Even after a KPMG forensic report cleared Vancouver-based Silvercorp Metals (SVM-T, SVM-N) of all anonymous allegations of accounting fraud in October, the largest primary silver producer in China has retained two independent consulting firms – AMC Mining Consultants and Golder Associates – to prepare updated National Instrument 43-101 reports on four of its properties in China.

The company said that it “intends to ensure that there is brand-name verification of its resource and reserve estimates, which helps alleviate any concerns that may linger from the anonymous third-party allegations circulated in 2011.” The new reports will incorporate exploration and development work completed by Silvercorp over the last fiscal year, including 187,000 metres of underground and surface drilling.

Silvercorp has four silver-lead-zinc mines in the Ying mining district of China’s Henan province and recently acquired the nearby XBG and XHP silver-gold-lead-zinc mines. In Hunan province, production is underway at its BYP gold-lead-zinc project, and the company is building a mill and related facilities at its GC silver-lead-zinc project in Guangdong province. 

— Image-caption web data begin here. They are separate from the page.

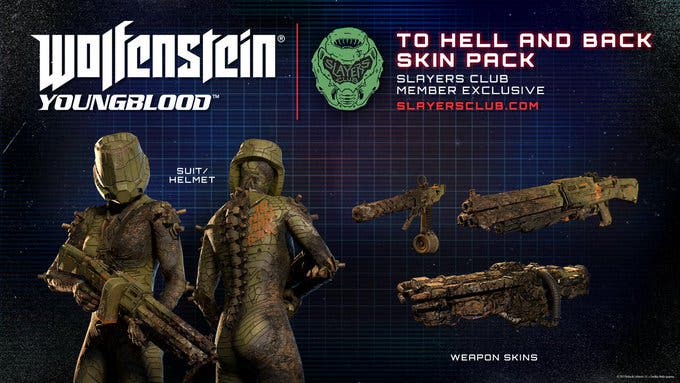 Los miembros del Slayers Club pueden conseguir este pack de skins de DOOM para Wolfenstein: Youngblood
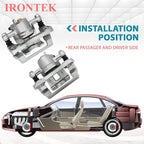 IRONTEK 19B3100+19B3101 Rear Brake Caliper Passenger & Driver Side Caliper Assembly Fit Kia [2006-2001 Optima, 05-10 Sportage], Fit Hyundai [06-08 Sonata, 05-09 Tucson]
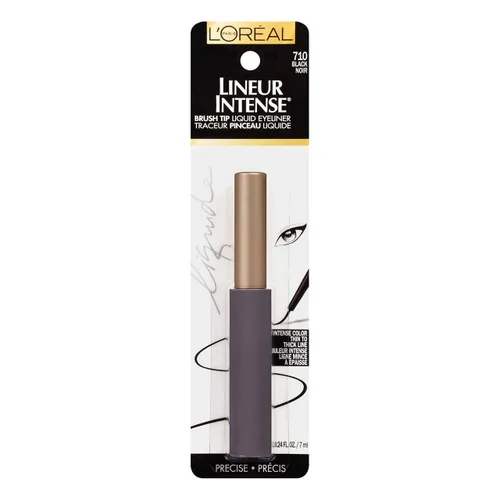 Vista 4 de L'Oreal Paris Lineur - Delineador de ojos líquido con punta de pincel intenso, 710 negro (paquete de 2)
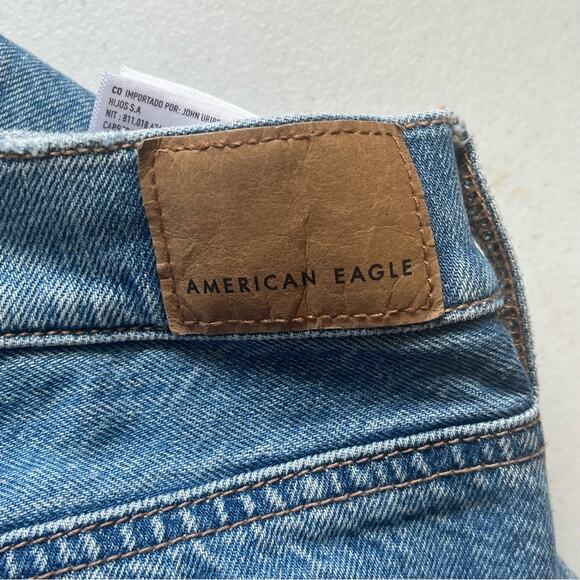 American Eagle Light Wash Distressed Flare Jean Size 12 Long - Picture 6 of 13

On Dec. 20, Silvercorp announced that Chinese law-enforcement agents opened a criminal case to investigate and find the “creators of false and fraudulent reports by anonymous parties – such as IFRA, Alfred Little and others – attacking Silvercorp and its Chinese subsidiaries.”

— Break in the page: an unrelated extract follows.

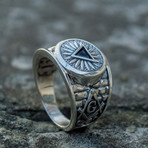 Masonic Ring // Black Triangle Cubic Zirconia (8)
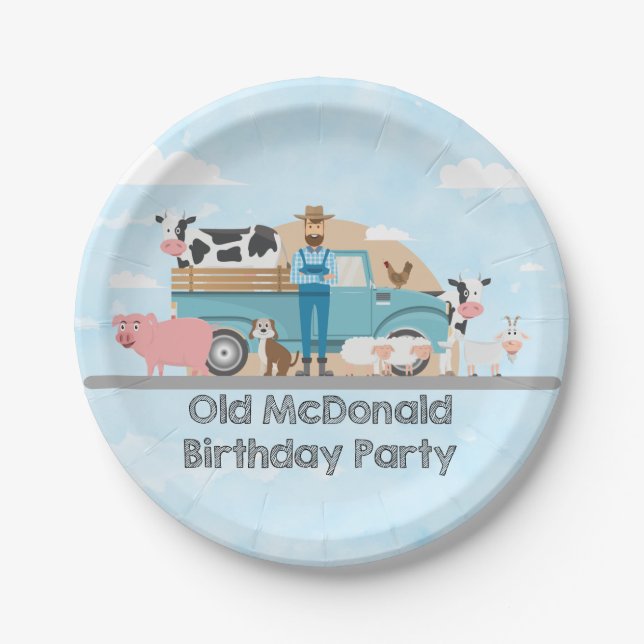 Assiettes En Carton Anniversaire de Old McDonald Farm (Devant)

In September the company filed a lawsuit in New York County Supreme Court “charging defendants Chinastockwatch.com, Jerry Katz, Alfredlittle.com, Alfred Little, Simon Moore and several ‘John Doe’ defendants with spreading ‘false, defamatory and fraudulent’ information about Silvercorp on the Internet and in letters to the media and regulators.” It has filed two separate actions in B.C.

None of these allegations have been proven in court.

The KPMG report found that the cash and short-term investment balances Silvercorp reported on Dec. 31, 2010, and March 31, 2011, were both substantially correct, and that the mining company’s procedures did not support allegations of inflated revenues.